Subsequently, and in accordance with Eq. 3, the numerator of Eq. 4 for the net EROI is calculated by subtracting the human labour food energy input and bioenergy input from the total human food output and bioenergy output. The denominator is the sum of the food and feed inputs (Labour Inputs section) and the external inputs (External Inputs section), which represent mainly fossil fuel based indirect inputs in the form of fertilisers and pesticides, and direct inputs in the form of electricity and fuel use.

A key reason for the selection of the net EROI metric is that the NEB is consistent in the way it represents the loss of energy as the result of re-investment of food and animal feed energy in AAFF. Conversely, and problematically gross EROI metrics do not fully consider the distinctiveness of different energy carriers; namely (i) biomass-based food, animal feed and fuel, and (ii) predominantly fossil fuel based fuel energy, the investment of which does not reduce the amount of food energy available to society. This distinction must be kept in mind when interpreting gross EROI values. For example, the substitution of one unit of food energy input with one unit of fuel energy input would not change the gross EROI, only a net EROI as the numerator of Eq. 4 would increase.

Input Data Selection and Calculation

In accordance with metrics selected in Selecting an EROI Metric and Compatible System Boundary section inputs to the global agroecosystem were divided into: (a) external inputs, which were further subdivided into (i) direct energy (energy use which occurs ‘on-farm’ in the agroecosystem) and (ii) indirect energy (energy use which occurs ‘upstream’ and is embodied in inputs used in the agroecosystem); and then (b) labour inputs, which consisted of (i) human labour, and (ii) animal labour.
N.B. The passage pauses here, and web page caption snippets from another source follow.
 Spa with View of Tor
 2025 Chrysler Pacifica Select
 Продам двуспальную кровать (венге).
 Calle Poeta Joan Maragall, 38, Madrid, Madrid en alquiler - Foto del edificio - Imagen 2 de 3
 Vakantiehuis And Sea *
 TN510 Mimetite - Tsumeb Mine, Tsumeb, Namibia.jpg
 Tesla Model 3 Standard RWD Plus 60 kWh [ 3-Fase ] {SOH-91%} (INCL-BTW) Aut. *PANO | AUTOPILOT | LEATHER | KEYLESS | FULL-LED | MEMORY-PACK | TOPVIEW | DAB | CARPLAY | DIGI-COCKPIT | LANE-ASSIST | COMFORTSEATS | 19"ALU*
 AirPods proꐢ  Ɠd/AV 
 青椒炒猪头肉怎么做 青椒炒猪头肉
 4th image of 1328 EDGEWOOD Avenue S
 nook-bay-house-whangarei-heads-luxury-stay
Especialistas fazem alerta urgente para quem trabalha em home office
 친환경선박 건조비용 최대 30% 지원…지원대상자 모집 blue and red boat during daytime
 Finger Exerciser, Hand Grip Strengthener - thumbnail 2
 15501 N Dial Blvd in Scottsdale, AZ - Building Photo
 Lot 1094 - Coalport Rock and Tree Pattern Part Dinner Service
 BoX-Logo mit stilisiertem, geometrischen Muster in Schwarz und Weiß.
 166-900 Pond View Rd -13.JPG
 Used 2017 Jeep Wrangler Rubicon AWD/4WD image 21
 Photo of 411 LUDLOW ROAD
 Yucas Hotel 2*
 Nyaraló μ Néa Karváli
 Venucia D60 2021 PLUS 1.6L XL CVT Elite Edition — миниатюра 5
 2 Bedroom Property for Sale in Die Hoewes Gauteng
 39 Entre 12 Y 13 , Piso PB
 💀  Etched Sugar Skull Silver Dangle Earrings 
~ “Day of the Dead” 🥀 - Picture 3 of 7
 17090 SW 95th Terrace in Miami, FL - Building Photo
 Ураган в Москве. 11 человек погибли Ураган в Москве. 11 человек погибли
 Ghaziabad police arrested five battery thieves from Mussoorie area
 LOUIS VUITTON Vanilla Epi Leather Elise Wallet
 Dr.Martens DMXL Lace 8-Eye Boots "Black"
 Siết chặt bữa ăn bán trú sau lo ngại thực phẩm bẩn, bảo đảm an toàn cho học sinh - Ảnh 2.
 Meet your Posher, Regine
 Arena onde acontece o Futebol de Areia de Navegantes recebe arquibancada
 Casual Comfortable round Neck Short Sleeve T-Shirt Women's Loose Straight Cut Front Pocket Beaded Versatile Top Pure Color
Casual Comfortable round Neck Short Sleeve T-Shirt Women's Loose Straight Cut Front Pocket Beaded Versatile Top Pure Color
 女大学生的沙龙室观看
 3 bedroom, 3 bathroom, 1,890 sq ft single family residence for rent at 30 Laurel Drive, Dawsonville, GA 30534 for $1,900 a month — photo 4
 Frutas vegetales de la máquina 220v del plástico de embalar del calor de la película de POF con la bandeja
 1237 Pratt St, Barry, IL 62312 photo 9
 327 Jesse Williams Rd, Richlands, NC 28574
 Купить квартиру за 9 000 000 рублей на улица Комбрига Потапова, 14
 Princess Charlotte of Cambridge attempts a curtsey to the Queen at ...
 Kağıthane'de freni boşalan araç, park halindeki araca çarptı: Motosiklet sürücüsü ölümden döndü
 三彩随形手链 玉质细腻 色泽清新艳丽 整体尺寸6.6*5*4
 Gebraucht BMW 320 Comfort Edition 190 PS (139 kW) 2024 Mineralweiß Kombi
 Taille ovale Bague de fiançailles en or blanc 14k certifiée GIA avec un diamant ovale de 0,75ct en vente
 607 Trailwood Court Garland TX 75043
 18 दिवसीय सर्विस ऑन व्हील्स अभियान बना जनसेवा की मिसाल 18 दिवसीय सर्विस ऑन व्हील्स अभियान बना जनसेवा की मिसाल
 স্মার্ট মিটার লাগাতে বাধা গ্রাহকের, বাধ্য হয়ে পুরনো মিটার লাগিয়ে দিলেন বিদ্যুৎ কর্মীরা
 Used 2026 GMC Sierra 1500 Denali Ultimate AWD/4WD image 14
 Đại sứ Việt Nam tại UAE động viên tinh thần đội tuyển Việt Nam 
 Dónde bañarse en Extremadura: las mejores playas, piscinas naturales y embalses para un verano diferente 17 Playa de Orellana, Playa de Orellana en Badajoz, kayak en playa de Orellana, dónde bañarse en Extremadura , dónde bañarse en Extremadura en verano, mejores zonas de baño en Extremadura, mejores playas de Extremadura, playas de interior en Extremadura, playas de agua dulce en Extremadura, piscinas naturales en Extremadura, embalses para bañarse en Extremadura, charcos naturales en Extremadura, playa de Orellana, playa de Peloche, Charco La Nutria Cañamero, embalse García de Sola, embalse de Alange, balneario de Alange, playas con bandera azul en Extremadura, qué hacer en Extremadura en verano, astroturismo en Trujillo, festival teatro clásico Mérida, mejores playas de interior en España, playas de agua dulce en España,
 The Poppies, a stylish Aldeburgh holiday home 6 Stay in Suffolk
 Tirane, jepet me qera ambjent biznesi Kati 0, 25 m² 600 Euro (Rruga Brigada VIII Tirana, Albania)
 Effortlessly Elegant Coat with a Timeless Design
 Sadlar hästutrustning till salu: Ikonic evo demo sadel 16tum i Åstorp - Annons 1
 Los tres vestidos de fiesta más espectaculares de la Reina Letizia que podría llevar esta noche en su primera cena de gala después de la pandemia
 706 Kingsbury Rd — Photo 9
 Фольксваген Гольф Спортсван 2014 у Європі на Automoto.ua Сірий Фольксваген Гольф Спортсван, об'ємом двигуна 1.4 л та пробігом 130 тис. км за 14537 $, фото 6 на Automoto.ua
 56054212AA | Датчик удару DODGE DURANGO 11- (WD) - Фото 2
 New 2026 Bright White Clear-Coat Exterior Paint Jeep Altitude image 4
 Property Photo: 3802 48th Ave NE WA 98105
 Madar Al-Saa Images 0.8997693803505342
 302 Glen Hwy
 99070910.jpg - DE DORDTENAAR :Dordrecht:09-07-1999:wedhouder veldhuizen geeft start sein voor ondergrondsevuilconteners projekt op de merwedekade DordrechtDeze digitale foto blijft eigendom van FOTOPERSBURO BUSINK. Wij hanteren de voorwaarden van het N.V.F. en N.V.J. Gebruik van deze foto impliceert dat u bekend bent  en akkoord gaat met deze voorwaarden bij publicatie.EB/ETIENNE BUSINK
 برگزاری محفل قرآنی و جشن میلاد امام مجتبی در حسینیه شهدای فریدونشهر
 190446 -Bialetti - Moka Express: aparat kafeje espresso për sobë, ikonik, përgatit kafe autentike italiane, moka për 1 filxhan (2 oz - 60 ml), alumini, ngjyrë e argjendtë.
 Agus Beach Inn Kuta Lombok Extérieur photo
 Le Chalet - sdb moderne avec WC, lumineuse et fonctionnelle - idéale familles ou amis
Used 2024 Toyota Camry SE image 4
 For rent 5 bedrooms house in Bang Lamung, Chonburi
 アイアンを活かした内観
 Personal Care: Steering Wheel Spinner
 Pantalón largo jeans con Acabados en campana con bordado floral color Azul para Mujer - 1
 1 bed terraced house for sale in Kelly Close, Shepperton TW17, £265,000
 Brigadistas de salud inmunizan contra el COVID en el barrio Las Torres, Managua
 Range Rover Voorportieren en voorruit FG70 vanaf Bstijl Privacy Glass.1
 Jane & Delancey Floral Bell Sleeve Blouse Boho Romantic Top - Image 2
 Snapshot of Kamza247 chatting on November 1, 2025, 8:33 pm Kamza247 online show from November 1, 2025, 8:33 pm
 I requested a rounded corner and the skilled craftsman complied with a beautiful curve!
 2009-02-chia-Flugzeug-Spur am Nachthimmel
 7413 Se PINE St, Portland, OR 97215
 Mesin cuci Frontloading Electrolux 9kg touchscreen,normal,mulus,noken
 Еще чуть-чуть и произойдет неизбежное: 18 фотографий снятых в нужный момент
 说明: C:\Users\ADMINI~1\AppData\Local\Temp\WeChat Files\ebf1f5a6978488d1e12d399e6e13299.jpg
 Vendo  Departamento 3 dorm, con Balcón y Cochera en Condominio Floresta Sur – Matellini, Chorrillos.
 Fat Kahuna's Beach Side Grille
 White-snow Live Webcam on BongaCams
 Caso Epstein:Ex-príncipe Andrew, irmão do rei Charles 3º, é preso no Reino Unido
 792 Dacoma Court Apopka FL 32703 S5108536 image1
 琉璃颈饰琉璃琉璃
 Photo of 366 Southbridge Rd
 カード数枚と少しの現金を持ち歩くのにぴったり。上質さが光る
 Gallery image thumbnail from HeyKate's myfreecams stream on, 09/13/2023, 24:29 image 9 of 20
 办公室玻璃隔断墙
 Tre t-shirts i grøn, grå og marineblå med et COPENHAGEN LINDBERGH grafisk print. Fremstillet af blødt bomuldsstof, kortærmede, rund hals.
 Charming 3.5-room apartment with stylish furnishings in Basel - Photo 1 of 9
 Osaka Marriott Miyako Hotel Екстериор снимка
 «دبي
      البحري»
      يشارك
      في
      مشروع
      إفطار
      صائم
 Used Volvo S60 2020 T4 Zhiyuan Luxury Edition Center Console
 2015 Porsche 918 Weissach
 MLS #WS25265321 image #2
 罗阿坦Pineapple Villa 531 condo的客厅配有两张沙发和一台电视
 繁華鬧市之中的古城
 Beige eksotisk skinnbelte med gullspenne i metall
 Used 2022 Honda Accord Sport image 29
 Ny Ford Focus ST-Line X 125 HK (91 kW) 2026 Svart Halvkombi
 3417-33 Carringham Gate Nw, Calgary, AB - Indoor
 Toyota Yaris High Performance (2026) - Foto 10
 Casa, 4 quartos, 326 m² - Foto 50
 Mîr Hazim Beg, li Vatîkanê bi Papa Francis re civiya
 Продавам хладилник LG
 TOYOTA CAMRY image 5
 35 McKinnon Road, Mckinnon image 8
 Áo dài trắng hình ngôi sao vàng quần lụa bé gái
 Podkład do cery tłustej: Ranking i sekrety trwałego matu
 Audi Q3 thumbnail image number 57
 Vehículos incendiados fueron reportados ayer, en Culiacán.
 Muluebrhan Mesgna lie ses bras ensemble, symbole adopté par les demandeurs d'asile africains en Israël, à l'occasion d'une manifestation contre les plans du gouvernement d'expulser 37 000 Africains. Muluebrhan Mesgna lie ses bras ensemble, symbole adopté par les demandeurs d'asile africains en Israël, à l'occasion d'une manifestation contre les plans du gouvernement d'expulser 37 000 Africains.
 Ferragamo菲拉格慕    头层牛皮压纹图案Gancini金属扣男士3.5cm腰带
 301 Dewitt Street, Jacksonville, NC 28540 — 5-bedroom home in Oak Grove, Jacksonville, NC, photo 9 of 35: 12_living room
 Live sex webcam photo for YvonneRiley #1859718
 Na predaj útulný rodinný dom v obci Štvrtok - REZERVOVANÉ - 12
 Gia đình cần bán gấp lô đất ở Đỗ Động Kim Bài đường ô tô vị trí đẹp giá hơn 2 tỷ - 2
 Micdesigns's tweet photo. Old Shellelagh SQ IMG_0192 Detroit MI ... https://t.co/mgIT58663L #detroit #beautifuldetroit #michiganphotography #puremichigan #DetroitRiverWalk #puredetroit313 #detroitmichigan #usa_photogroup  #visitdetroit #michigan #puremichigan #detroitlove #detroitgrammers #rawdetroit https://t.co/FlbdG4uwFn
Labour inputs were treated as direct inputs, but neither internal nor external. For data please see Data Statement section.

External Inputs

Referring to Fig. 1, direct inputs consisted of electricity and fuel use. Their data was sourced from the International Energy Agency (IEA) extended energy database (2019a), which was organised into two sectors: (i) agriculture and forestry, and (ii) fishing (incl. aquaculture). Electricity and fuel use was subdivided into four categories of total primary energy supply (TPES): (i) Fossil Fuels, (ii) Electricity and Heat, (iii) Bioenergy, (iv) Renewables and Nuclear.

Next, due to a lack of data at the global level, indirect energy inputs were limited to fertiliser and pesticide production in agriculture, with no indirect inputs at all for fishing or forestry.Footnote 1 The annual datasets for both fertiliser and pesticide production were derived from FAO (2019a). FAOSTAT provides data for fertiliser production in two datasets: 1961–2002, and 2002–present. The associated metadata warns that methodological differences may produce analytical errors; however, Pellegrini and Fernández (2018) find that the differences between the sets are 2% for nitrogen-based fertilisers, 3% for phosphorus and 15% for potassium, which was deemed negligible for this analysis. Data for pesticide use was only available from 1990, therefore this was extrapolated linearly backwards to provide data from 1971 to 1990.

The embodied energy in fertiliser (nitrogen, phosphorous and potassium) production, along with pesticide use (fungicides, insecticides, herbicides etc.), was derived from Guzman Casado and de Molina (2017) and provided for each decade from 1970 to 2010. These decadal values were interpolated to represent each year within that decade and extrapolated to 2020 based on the 2000–2010 trend. Data for fertiliser and pesticide production was then multiplied by the embodied energy value for each year in the 1971–2017 period to produce input estimates (Eqs. 5 and 6).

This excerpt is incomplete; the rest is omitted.